What is being asked:
Find every line in the data that contains the word "Outdoor". Return each of those lines.
=== Section Start ===
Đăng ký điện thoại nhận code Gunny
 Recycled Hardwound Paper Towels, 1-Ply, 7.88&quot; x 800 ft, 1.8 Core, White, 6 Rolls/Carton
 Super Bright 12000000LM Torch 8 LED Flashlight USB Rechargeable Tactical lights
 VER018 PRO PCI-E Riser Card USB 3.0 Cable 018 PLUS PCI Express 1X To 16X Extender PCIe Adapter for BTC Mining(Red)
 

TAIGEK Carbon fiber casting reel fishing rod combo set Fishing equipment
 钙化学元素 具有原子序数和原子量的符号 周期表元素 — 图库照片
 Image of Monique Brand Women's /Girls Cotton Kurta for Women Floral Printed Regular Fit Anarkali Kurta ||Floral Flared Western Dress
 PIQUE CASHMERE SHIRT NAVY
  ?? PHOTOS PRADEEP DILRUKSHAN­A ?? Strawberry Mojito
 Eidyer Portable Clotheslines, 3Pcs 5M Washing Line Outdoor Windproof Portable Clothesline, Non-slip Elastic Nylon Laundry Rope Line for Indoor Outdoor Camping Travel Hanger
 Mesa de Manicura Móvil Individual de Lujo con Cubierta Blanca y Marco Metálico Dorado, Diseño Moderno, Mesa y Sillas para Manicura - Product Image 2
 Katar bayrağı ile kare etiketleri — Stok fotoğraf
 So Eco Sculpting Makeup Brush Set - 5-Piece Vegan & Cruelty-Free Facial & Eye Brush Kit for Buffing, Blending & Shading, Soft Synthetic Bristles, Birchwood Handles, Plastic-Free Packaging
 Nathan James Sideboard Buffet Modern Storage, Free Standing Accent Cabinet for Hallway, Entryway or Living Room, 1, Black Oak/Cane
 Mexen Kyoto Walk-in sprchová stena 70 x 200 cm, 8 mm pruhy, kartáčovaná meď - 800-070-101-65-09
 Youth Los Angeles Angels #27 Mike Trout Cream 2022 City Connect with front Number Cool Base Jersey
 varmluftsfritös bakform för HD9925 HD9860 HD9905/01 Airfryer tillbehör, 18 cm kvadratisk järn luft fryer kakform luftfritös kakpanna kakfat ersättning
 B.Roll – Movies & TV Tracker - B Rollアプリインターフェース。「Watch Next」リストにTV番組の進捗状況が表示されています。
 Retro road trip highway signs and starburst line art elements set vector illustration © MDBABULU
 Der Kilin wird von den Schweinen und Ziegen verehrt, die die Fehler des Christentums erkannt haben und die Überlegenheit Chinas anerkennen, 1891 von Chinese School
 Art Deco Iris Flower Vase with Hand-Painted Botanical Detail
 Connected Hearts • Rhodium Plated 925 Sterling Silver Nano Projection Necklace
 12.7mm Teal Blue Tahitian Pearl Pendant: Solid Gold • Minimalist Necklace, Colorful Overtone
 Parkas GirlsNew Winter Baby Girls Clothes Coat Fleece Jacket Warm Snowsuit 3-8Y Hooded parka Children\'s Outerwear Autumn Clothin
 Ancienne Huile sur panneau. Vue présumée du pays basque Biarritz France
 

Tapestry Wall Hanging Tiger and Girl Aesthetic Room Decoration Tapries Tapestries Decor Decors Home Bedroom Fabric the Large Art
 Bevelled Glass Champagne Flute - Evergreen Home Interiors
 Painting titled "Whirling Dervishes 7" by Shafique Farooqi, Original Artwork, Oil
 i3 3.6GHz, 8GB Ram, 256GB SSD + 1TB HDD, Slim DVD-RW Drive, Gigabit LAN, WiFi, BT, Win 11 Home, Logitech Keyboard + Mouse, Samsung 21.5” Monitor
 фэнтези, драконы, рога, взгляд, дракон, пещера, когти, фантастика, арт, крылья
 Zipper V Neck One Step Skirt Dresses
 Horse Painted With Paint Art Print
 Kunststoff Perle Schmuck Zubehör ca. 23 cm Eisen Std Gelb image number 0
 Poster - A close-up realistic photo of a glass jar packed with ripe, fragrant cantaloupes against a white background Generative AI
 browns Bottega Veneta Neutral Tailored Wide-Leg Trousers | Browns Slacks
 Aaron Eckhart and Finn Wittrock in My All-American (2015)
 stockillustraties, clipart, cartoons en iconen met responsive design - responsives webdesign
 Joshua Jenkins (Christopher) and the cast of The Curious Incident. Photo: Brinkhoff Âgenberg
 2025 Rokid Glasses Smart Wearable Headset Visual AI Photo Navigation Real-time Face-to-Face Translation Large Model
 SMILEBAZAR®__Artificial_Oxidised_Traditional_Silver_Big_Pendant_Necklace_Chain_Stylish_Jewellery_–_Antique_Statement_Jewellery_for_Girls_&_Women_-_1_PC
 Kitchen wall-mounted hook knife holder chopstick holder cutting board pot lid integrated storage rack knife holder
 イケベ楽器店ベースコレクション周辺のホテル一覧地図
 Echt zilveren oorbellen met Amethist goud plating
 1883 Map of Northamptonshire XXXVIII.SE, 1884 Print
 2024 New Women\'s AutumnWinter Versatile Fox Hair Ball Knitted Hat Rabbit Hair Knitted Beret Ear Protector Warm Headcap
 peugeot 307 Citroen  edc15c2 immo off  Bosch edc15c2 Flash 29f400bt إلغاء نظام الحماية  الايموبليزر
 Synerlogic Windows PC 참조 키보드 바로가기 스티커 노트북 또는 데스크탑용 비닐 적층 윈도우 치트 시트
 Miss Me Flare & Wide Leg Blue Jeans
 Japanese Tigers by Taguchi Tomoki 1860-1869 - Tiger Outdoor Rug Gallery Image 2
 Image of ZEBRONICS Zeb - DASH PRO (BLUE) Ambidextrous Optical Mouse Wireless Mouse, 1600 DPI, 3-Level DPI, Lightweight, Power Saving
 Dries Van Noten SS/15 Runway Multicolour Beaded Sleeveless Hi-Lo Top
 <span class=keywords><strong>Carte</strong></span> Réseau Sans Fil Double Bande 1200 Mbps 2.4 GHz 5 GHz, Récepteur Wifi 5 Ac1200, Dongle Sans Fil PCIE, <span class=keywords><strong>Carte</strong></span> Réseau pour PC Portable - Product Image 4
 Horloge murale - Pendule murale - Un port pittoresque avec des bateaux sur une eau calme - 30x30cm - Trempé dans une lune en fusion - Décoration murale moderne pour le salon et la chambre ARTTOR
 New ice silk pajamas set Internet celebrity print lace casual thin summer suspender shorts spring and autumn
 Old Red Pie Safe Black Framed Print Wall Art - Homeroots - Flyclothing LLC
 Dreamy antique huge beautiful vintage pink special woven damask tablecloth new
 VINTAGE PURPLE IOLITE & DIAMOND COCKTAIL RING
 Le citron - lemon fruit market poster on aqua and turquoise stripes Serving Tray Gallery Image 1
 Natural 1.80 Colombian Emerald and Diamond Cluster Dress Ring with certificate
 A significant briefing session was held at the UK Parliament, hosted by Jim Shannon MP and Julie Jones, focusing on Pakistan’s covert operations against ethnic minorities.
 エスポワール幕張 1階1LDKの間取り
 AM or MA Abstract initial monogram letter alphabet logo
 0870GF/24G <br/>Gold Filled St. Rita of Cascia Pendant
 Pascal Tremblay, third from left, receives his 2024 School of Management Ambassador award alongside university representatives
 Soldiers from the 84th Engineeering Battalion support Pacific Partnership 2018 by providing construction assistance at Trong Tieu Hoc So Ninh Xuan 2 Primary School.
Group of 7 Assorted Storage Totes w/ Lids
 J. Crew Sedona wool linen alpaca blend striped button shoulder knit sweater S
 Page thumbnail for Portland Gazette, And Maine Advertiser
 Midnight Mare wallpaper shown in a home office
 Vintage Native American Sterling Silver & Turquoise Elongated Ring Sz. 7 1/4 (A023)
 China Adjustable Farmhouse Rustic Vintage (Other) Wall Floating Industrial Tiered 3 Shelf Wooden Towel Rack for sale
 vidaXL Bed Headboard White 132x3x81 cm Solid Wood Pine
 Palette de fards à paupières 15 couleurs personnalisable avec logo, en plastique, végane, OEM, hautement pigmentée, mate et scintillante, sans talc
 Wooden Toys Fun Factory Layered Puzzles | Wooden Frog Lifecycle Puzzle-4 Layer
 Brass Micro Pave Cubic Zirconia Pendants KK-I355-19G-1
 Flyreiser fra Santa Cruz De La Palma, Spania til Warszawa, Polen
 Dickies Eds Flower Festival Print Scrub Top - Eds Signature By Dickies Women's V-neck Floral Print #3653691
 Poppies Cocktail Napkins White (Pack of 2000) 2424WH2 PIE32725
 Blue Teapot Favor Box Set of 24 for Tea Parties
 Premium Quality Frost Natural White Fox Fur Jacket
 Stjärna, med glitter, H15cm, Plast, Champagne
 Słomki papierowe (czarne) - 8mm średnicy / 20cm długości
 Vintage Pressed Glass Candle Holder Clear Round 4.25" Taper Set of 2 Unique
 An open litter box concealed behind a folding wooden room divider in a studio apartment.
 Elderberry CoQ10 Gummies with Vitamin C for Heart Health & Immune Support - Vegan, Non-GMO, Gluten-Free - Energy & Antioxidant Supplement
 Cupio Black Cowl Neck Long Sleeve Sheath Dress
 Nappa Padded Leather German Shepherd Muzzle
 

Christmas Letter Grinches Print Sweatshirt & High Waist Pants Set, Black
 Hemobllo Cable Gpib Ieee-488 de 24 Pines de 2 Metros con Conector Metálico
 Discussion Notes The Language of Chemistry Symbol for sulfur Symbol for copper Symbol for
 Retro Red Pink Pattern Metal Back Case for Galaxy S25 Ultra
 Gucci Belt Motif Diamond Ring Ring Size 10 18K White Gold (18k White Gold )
=== Section End ===
Response to this task:
 Eidyer Portable Clotheslines, 3Pcs 5M Washing Line Outdoor Windproof Portable Clothesline, Non-slip Elastic Nylon Laundry Rope Line for Indoor Outdoor Camping Travel Hanger
 Japanese Tigers by Taguchi Tomoki 1860-1869 - Tiger Outdoor Rug Gallery Image 2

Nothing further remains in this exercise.